Patients were ineligible if any of the following were present: (1) prior therapy with belinostat (PXD101) or other HDAC inhibitors; (2) prior radiation to more than 25% of marrow-bearing areas; (3) prior history of other invasive malignancies, with the exception of non-melanoma skin cancer, localized breast or head/neck cancer, were excluded; (4) prior chemotherapy for any abdominal or pelvic tumor other than for the treatment of ovarian cancer are excluded. Patients may have received prior adjuvant chemotherapy for localized breast cancer, provided that it was completed more than three years prior to registration, and that the patient remains free of recurrent or metastatic disease; (5) prior radiotherapy to any portion of the abdominal cavity or pelvis other than for the treatment of ovarian cancer; prior radiation for localized cancer of the breast, head and neck, or skin was permitted, provided it was completed more than three years prior to registration, and the patient remains free of recurrent or metastatic disease; (5) use of concomitant medications on PXD infusion days that may cause Torsade de Pointes; (6) significant cardiovascular disease defined as: unstable angina pectoris, uncontrolled hypertension (blood pressure > 150/90 despite maximal medical therapy), congestive heart failure related to primary cardiac disease, any condition requiring anti-arrhythmic therapy, ischemic or severe valvular heart disease, or history of myocardial infarction within six months of trial entry; (7) pregnancy or nursing.
Treatment Plan
Belinostat (NSC#726630, IND# 729990) 1000 mg/m2 was administered as a 30-minute IV infusion for five days every three weeks. Carboplatin AUC=5 was administered two to three hours following the infusion of belinostat on cycle day three. Patients were allowed to receive up to six cycles of chemotherapy unless there was disease progression or unacceptable toxicity. However, patients clinically responding or who, in the opinion of their physician, would continue to benefit from treatment, were allowed to continue on this regimen beyond six cycles.

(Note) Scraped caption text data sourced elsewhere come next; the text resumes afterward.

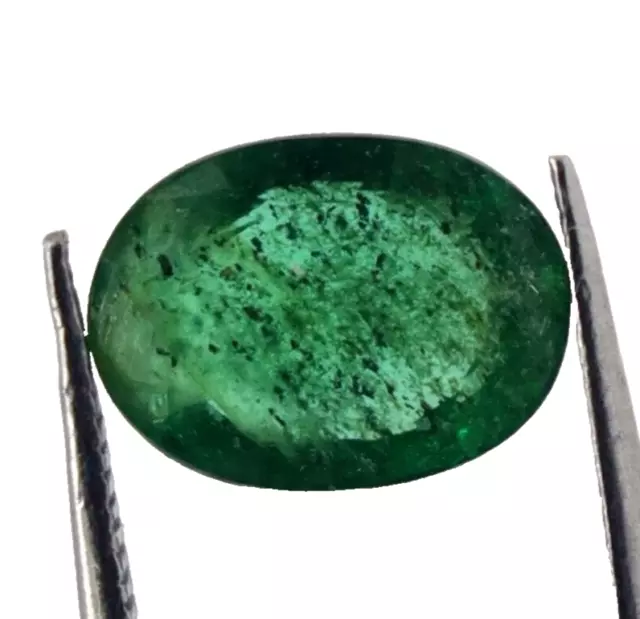 Natural Loose Emerald Dark Green Color 8 x 5 mm Oval Cut Zambia Gemstone 1.11 Ct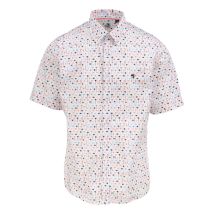 J & Joy - Chemise Avec Manches Courtes Et Col Américain J&joy Coton Blanche - Blanche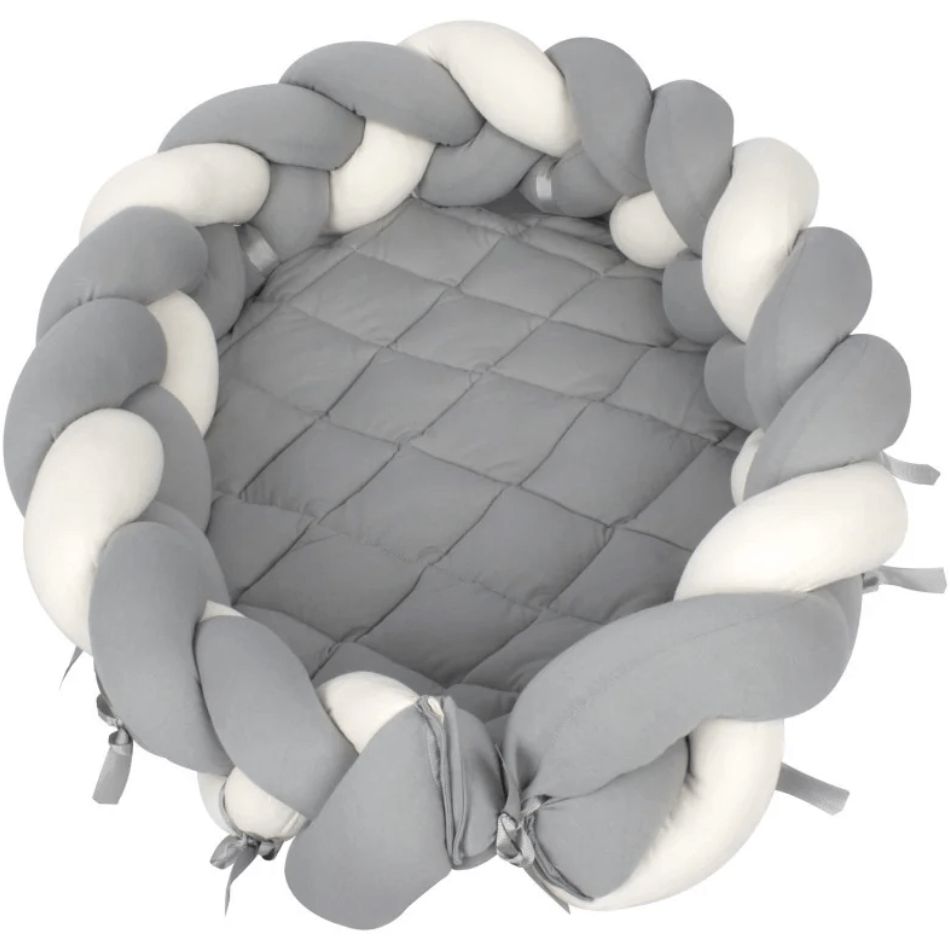 Çarpayı üçün hörülmüş bamper Sevi Bebe 3in1 Grey — Uşaq otağı, Bakı (2)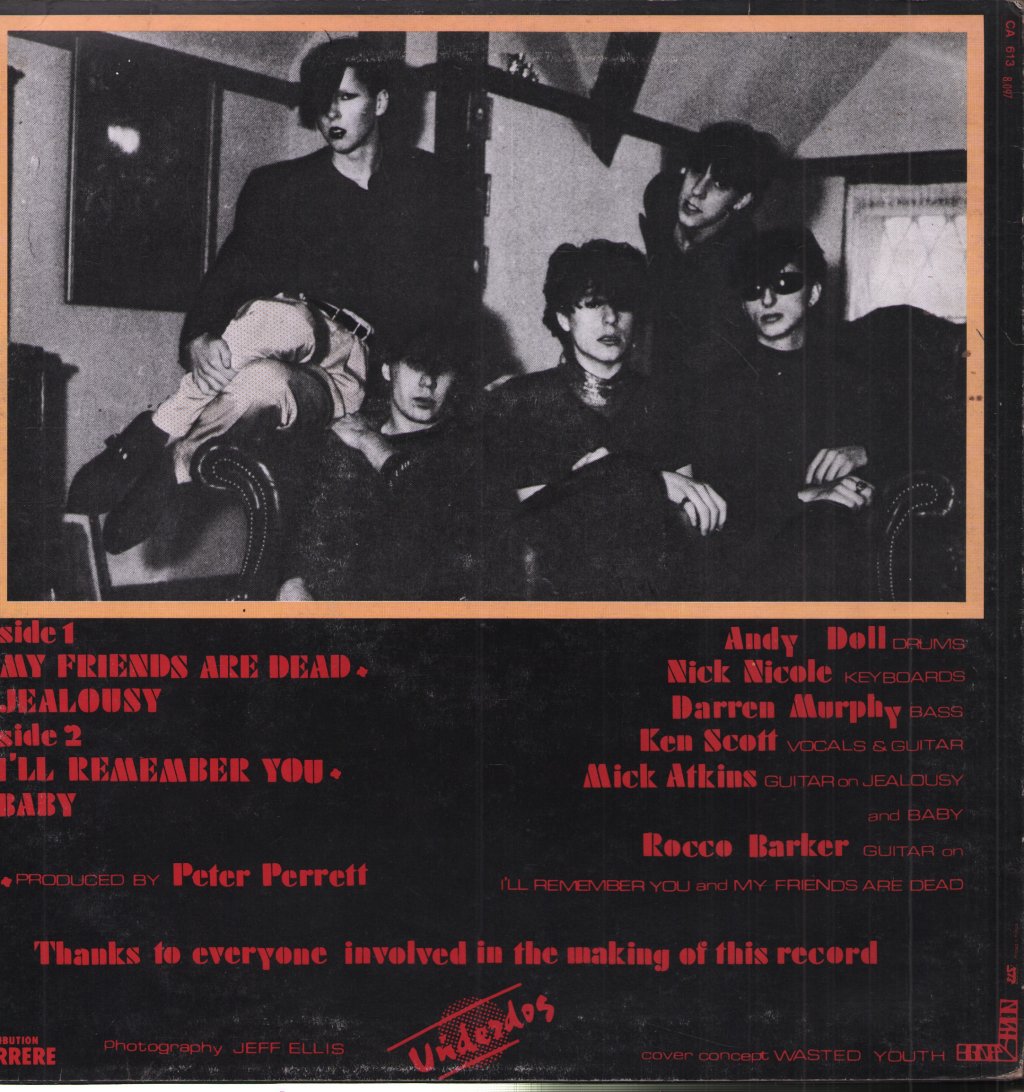 Wasted Youth (Uk Group) - My Friends Are Dead - 12 Inch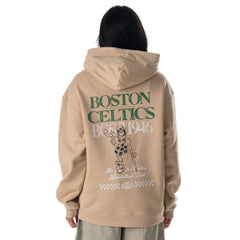 Boston Celtics The Wild Collective Unisex Mantra Premium Hoodie - Tan cheap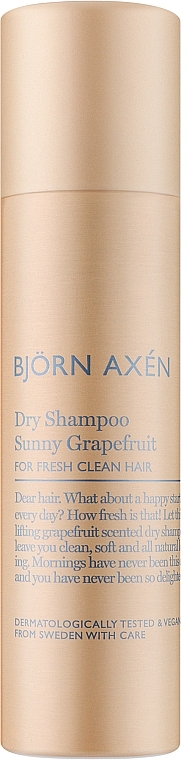 Сухой шампунь с ароматом грейпфрута - BjOrn AxEn Dry Shampoo Sunny Grapefruit — фото N1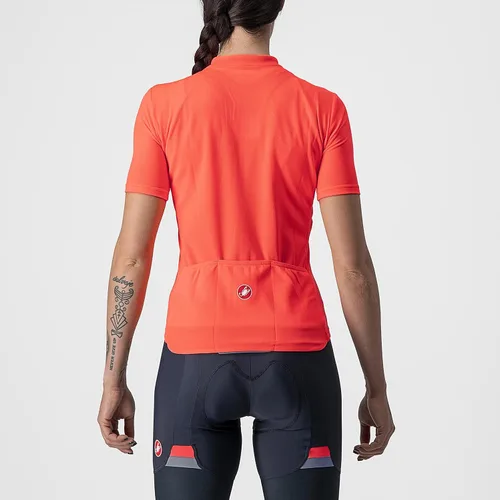 Vista 2 de Castelli Camiseta Anima 3 para ciclismo de carretera y grava para mujer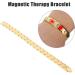 Magnetic Weight Loss Bracelet - Slimming Therapy Bangle Jewelry for Fatigue Relief and Pain Reduction - Gold - Buy Online on GoSupps.com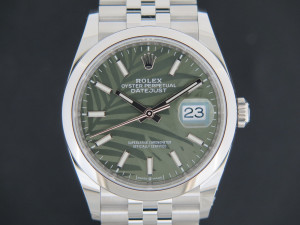 Rolex Datejust 36 Palm Motif Green Dial 126200 NEW 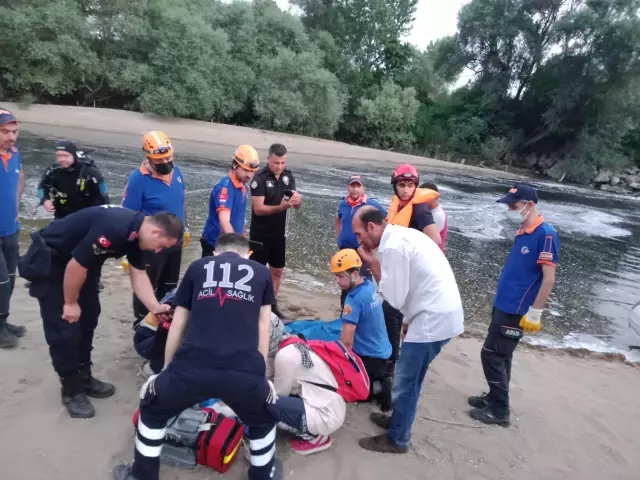 Bursa'da dereye giren kişi boğuldu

Subsequent cycles of therapy were initiated only when the ANC reached 1500 cells/mcl or greater and the platelet count recovered to at least 100,000/mcl. Therapy was delayed for a maximum of two weeks to allow recovery and those who did not recover adequate counts in this time-frame were removed from study. Prophylactic growth factors were not allowed unless patients experienced recurrent neutropenic complications after treatment. Erythropoietin, iron supplements, and/or transfusions were allowed as clinically indicated for management of anemia. Patients were not allowed to receive amifostine or other protective reagents.
Carboplatin was dose reduced to AUC=4 for the first occurrence of febrile neutropenia, prolonged Grade 4 neutropenia lasting seven days or longer, or Grade 4 thrombocytopenia. If patients experienced any of these as a second event, belinostat was dose reduced to 800 mg/m2. If any of these events occurred despite these dose reductions, prophylactic growth factors were added.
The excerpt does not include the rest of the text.